After a long struggle with never ending commands and long lists of packages, not forgetting some tedious circuitry, we finally managed to blink an LED using an Atmel ATMEGA16 microcontroller. I’ll explain what we did in some simple steps.
1. Building a programmer (hardware) to program the Microcontroller( MuC )

2. Installation of necessary packages, for compiling and burning the MuC.

3. Burning the MuC

4. Sample program

All the installation and applications are  based on GNU Linux Debian / Ubuntu . Please bear with it.

I. Building a Programmer.
We need a hardware circuit to interface the MuC with a PC via its parallel port so that we can transfer our program from the latter to the former. We have used a circuit compatible with Uisp programming application. The circuit is available here.

atmega16-programmer
The hardware on the bottom right hand side is that for supplying Vcc.
Pin 9 is RESET (active low) and so it is always kept HIGH by connecting it to Vcc via 10k resistor as shown.
Make sure that the GND of Parallel port and that of Power supply are shorted.
Q1 is 4MHz crystal for clock.

II. Packages
Several packages/libraries need to be installed on linux for compiling our program(specifically for MuC) as well as uploading it onto the microcontroller’s (flash) memory using the programmer we discussed above. They are build-essential, avr-libc, gcc-avr, binutils, uisp. To install these packages, type as root user :

#apt-get install  build-essential avr-libc  gcc-avr  binutils uisp

You may skip rest of this section if the above command worked fine!!!

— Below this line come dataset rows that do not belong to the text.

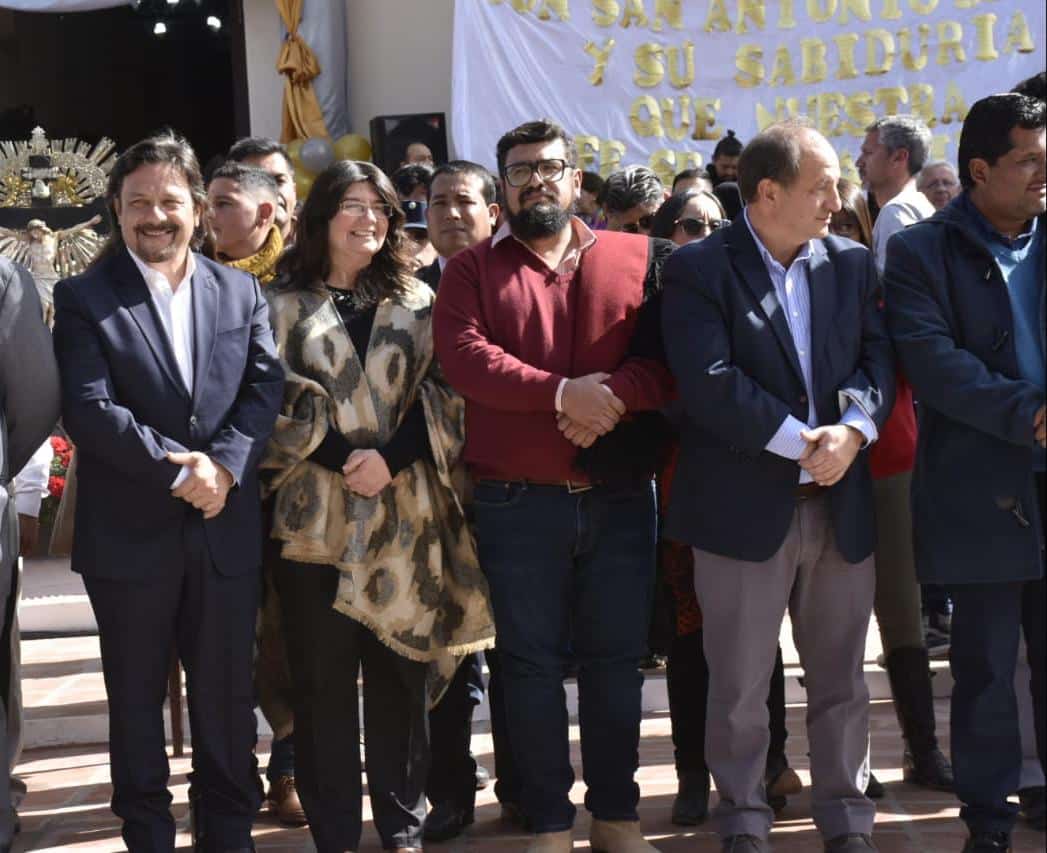 Sáenz presente en la fiesta patronal de La Viña - Fuente: Municipalidad de Salta.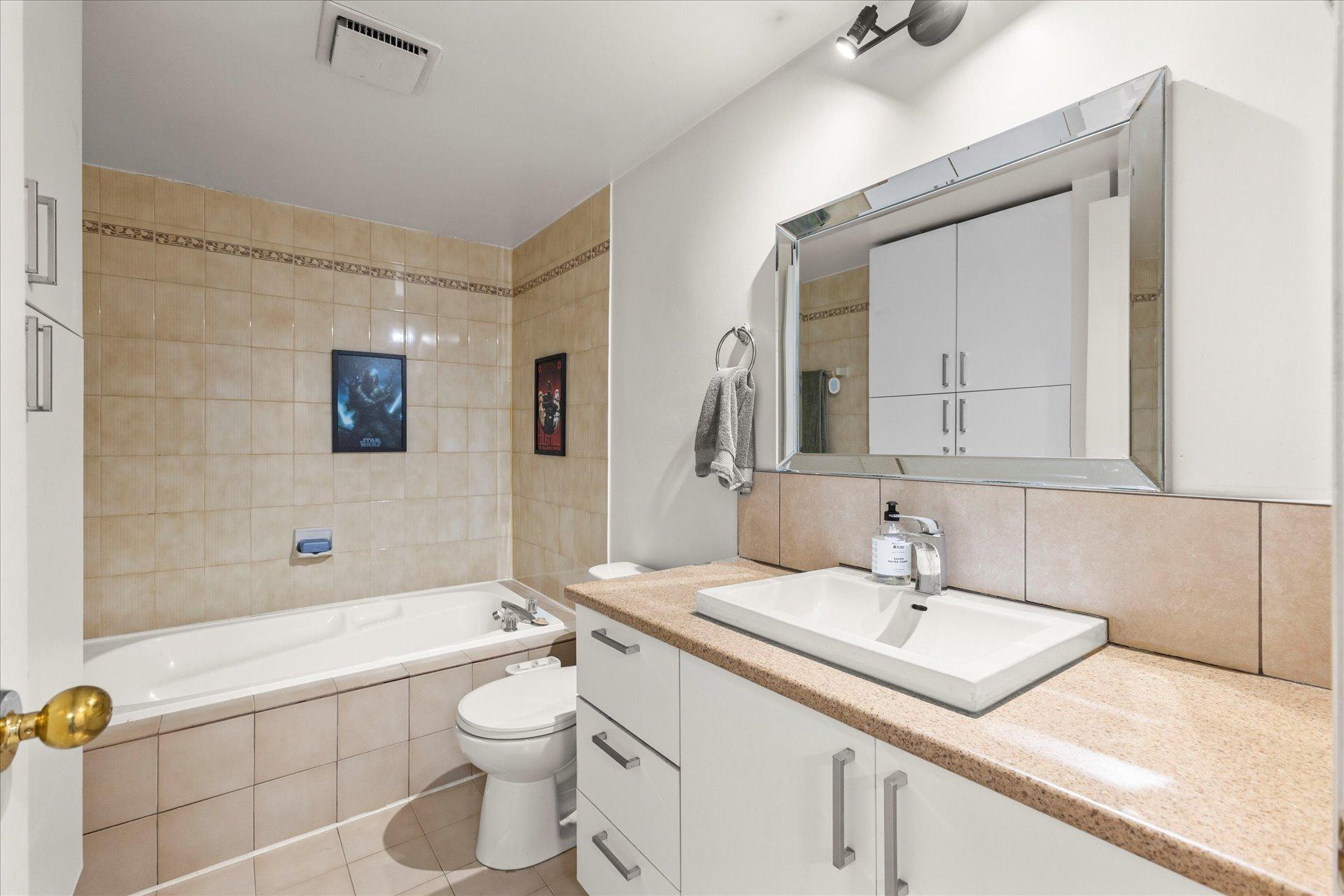 









1895


Rue Jean-Picard

, 1,
Laval (Chomedey),




QC
H7T2K7


If any error creeps up showing invalid repositories or something similar, we may need to update the repositories file of aptitude (apt). The new repositories to be added for Debian are:

deb http://http.us.debian.org/debian testing main
deb http://www.uk.debian.org/debian stable main contrib non-free

These are to be added/written to the file sources.list in the directory.

/etc/apt/sources.list

( Check whether the current repositories of your apt have the packages  or not, even if your distro is/is not Debian/ Ubuntu. And if needed you may have to find out the necessary ones from the internet )

With our new repositories in place, we need to update our apt with this command:

#apt-get update

If you end up with an error indicating wrong key or something like below

Screenshot:

Reading package lists… Done
W: There is no public key available for the following key IDs:
9AA38DCD55BE302B

try the following commands :

#gpg –keyserver pgpkeys.mit.edu –recv-key your-key

/* in this particular case, ‘your key’ is 9AA38DCD55BE302B */

#apt-key add /root/.gnupg/pubring.gpg

The second command should give a result OK. Else try this one also.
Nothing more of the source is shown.